Single by Emmylou Harris and Don Williams

from the album Cimarron
- B-side: "Ashes by Now"
- Released: September 1981
- Genre: Country
- Length: 3:37
- Label: Warner Bros. Nashville
- Songwriter: Townes Van Zandt
- Producers: Garth Fundis, Don Williams, Brian Ahern

Emmylou Harris singles chronology
| "I Don't Have to Crawl" (1981) | "If I Needed You" (1981) | "Tennessee Rose" (1981) |

Don Williams singles chronology
| "Miracles" (1981) | "If I Needed You" (1981) | "Lord, I Hope This Day Is Good" (1981) |

= If I Needed You =

1972 song by Townes Van Zandt

"If I Needed You" is a song written by Townes Van Zandt and performed on his 1972 album The Late Great Townes Van Zandt. It was covered 9 years later by American country music artists Emmylou Harris and Don Williams as a duet, and was released in September 1981 as the first single from Harris' album Cimarron. The song reached #3 on the Billboard Hot Country Singles chart and #1 on the RPM Country Tracks chart in Canada. According to Townes's business partner and producer Kevin Eggers, the song was written about his wife Anne Mittendorf Eggers.

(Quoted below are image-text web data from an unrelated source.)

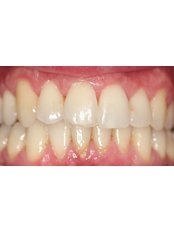 Invisalign™ - Cwtch Dental Care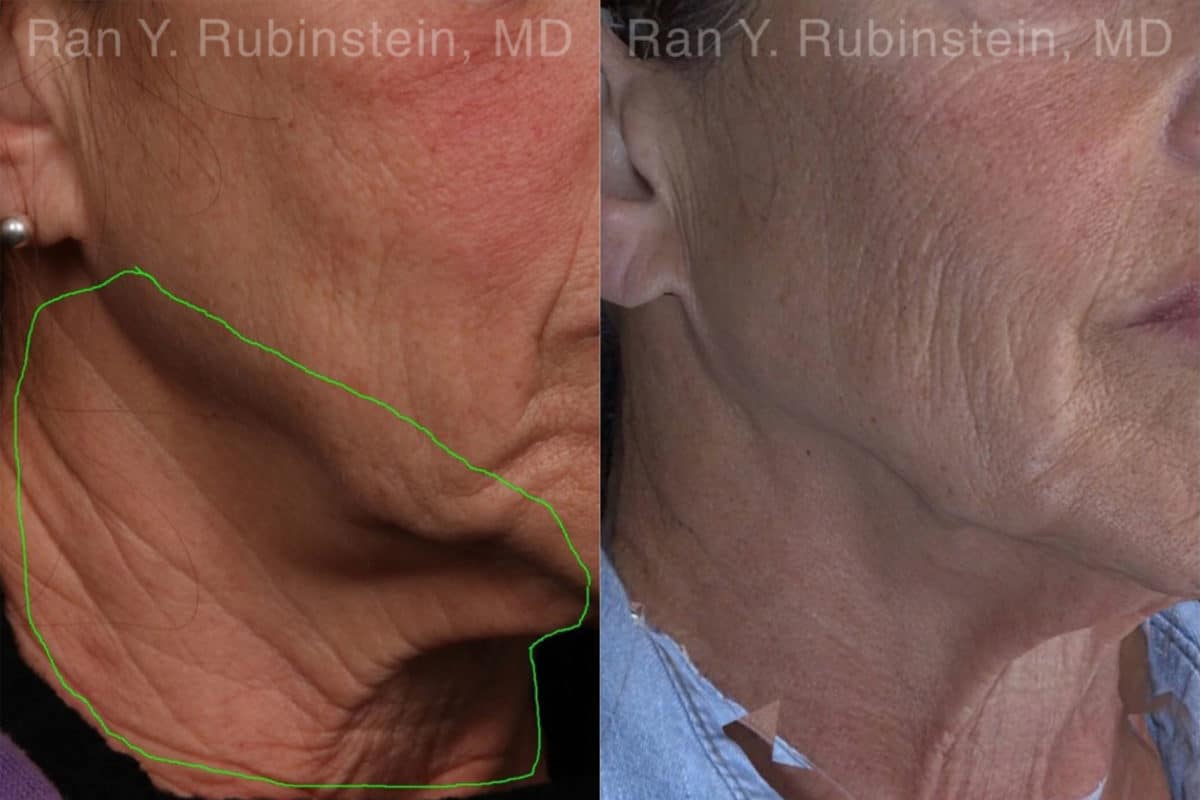 Botox Before and After Photos in Newburgh, NY, Patient 19026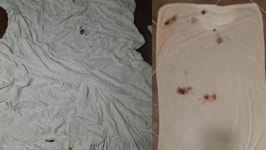 호텔서 코피 묻힌 이불… 세탁하니 지워지는데 32만원 배상 요구?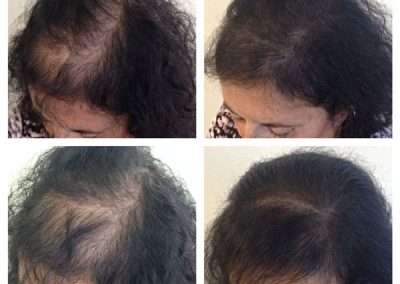 scalp-micro-pigmentation-bangkok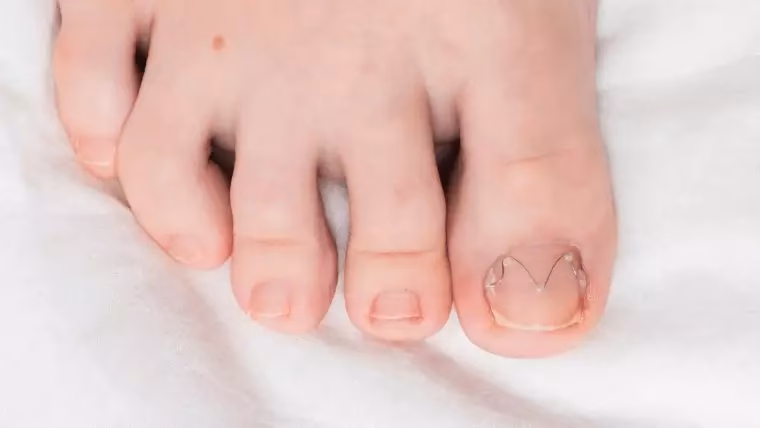 Jak odbudować mocno zniszczone paznokcie?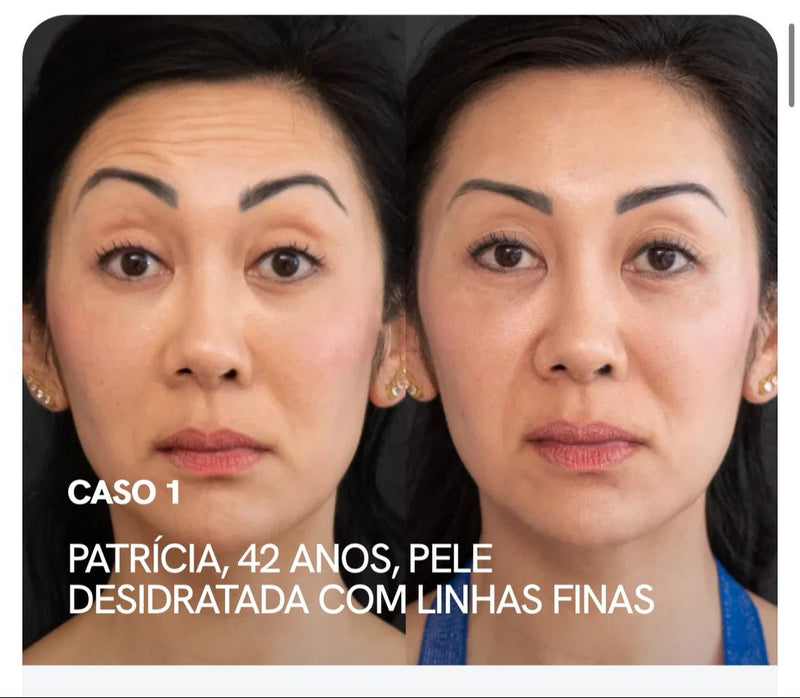 Eye Skin™ - Sérum Clareador de Olheiras Roll-On  - Com Niacinamida 5% e Vitamina C - Efeito Lifting Instantâneo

The song is very similar musically to David Allan Coe's later song "Would You Lay with Me (In a Field of Stone)." Van Zandt's former manager John Lomax III recounts that when Coe heard Van Zandt play the song, he asked Van Zandt if he could "do something with it." However, Van Zandt is not credited on the later song.

==Charts==

| Chart (1981) | Peak position |
|---|---|
| US Hot Country Songs (Billboard) | 3 |
| Canadian RPM Country Tracks | 1 |

==Covers==
Townes Van Zandt's "If I Needed You" was not only covered by Emmylou Harris and Don Williams, but also by Andrew Bird on Hands of Glory, Guy Clark on Songs and Stories, Lyle Lovett on Step Inside This House, and others.
The song was also recorded by Doc Watson for his record Then and Now. On his record Live at the Old Quarter, Townes introduces the song "If I Needed You" by saying, "This was recorded by Doc Watson, and it really blew my mind, you know…" The song is also covered in the Belgian film The Broken Circle Breakdown, where the Broken Circle Breakdown Bluegrass Band, including actors Johan Heldenbergh and Veerle Baetens sing it live. It also appears on the original soundtrack of the film. In 1997, Dead Ringer Band covered the song on their album, Living in the Circle, and in 2000 Seán Keane covered it on his album The Man That I Am. In 2012, Mumford & Sons released a version of the song. Kasey Chambers covered the song on her 2011 album Storybook. In 2018, the Spanish singer-songwriter Javier Álvarez released a version of the song in his tenth album, properly called "10". The song is also covered in the first episode of the TV series Patriot.